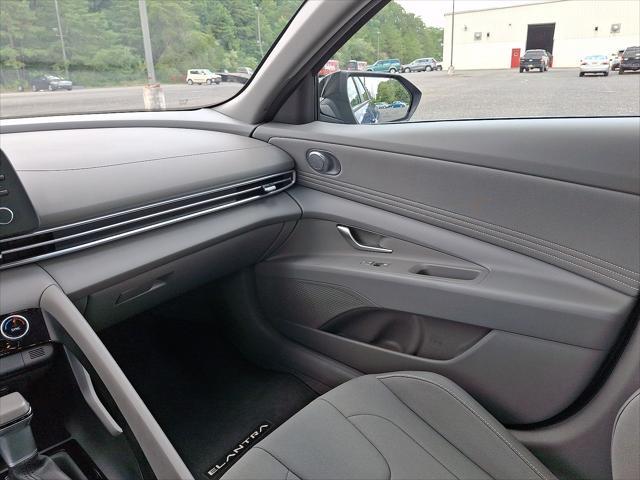 2025 Hyundai Elantra - $23,901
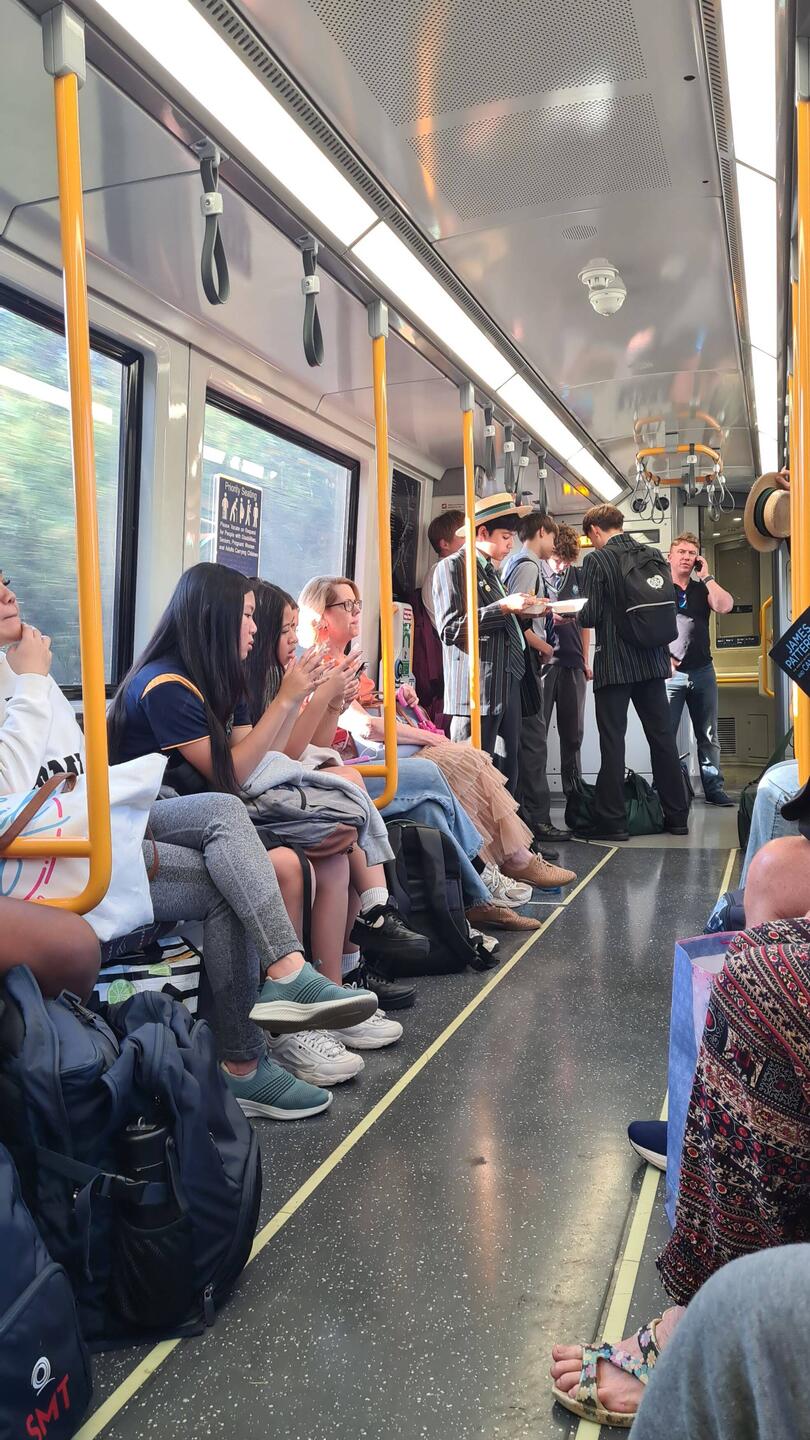 Mit der Bahn in die City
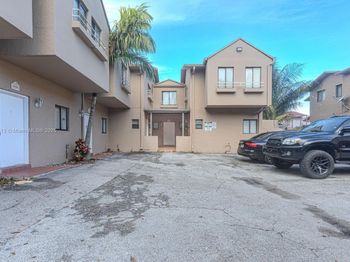5698 W 25th Ct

* **DIRECTIONS**: Retype the listing verbatim, minus every image.

* **RESPONSE TO THIS TASK**:
 2025 Hyundai Elantra - $23,901
 Mit der Bahn in die City
5698 W 25th Ct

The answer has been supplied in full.